県内「突風」31件で全国最多 91年以降確認のダウンバーストとガストフロント 積乱雲、発生しやすさ影響

 小山市や野木町で7月、突風の一つの「ダウンバースト」が発生し多数の住宅が一部損壊するなどした被害に関連し、1991~2023年8月に本県で発生した「ダウンバースト」や「ガストフロント」は計31件に上り、全国で最多だったことが17日までに、気象庁の突風データベースのまとめで分かった。7、8月の発生が多く、専門家は本県が積乱雲の発達しやすい地域であることを要因に挙げる。

 ダウンバーストは、積乱雲から吹き下ろす強い気流が地表に衝突して起こる。ガストフロントは、積乱雲下で形成された冷たく重い空気が暖かい空気の側に流れ出すことで生じる。
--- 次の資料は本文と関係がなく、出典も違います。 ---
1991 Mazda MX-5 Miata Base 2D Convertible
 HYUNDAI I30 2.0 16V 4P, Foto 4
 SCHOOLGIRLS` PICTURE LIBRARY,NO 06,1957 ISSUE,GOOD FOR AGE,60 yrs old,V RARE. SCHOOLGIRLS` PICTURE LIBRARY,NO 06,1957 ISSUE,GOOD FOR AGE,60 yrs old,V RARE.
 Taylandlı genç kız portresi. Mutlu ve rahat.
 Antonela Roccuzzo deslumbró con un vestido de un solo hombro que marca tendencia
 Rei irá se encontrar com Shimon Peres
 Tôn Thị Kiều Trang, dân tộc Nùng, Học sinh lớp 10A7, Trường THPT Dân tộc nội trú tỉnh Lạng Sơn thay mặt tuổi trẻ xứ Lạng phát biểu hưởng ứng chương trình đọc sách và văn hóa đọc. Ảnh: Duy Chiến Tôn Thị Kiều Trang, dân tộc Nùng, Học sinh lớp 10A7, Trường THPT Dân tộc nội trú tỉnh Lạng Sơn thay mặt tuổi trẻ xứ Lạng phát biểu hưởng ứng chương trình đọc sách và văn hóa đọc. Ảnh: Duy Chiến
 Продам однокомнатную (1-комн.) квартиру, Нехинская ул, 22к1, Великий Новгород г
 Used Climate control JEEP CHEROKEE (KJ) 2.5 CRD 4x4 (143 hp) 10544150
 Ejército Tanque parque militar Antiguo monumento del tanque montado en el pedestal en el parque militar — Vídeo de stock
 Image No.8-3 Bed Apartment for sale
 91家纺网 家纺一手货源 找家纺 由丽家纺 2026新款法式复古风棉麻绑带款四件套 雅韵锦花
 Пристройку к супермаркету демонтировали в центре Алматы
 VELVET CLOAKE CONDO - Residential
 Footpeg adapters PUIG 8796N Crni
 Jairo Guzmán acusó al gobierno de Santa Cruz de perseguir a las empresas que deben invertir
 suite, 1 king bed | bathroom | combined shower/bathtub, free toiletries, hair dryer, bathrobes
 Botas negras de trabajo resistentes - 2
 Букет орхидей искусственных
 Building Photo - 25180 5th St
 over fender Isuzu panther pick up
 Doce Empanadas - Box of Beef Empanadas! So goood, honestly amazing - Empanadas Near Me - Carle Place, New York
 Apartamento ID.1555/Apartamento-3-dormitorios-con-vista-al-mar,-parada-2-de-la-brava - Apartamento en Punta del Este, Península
 気象庁は突風データベースとして全国の事例を掲載。突風事例を確認できる1991~2023年8月のダウンバーストなどの発生事例を下野新聞社が調べた。

 本県で確認されたダウンバーストやガストフロントは31件で、全国で最多だった。2番目は群馬の25件で、茨城と北海道の17件、埼玉の15件と続き、北関東で発生が目立った。一方、青森や広島、愛媛、宮崎など9県では発生がゼロだった。

 積乱雲に伴う自然現象を研究する防衛大地球海洋学科の小林文明(こばやしふみあき)教授(61)は「太平洋側から流れ込んだ空気が内陸で温められ、北関東の山にぶつかり上昇することで積乱雲になる。積乱雲から下降流が吹きやすい地域」と説明する。

 本県の31件のうち、ダウンバーストと確定したのは18件、ガストフロントは2件。11件はどちらかが発生したものの特定はできていない。発生場所は宇都宮や小山、大田原など県内計14市町だった。小林教授は「雷が多発する栃木県は積乱雲が発達しやすい地域で、ダウンバーストも起こりやすいと思われる」とみる。

 一方、同期間の「竜巻」の発生件数は北海道が最多の52件で、沖縄51件、高知42件と続き、本県は13件。関東では千葉18件、埼玉17件、茨城12件などだった。

 9月は台風や冬の寒気が流れ込む影響で、突風が発生しやすい時期でもある。宇都宮地方気象台は「真っ黒な雲や雷の音が近づき、冷たい風が吹く場合などは激しい突風の兆候。窓や壁から離れ、頑丈な建物に避難するなどしてほしい」と注意を呼びかけている。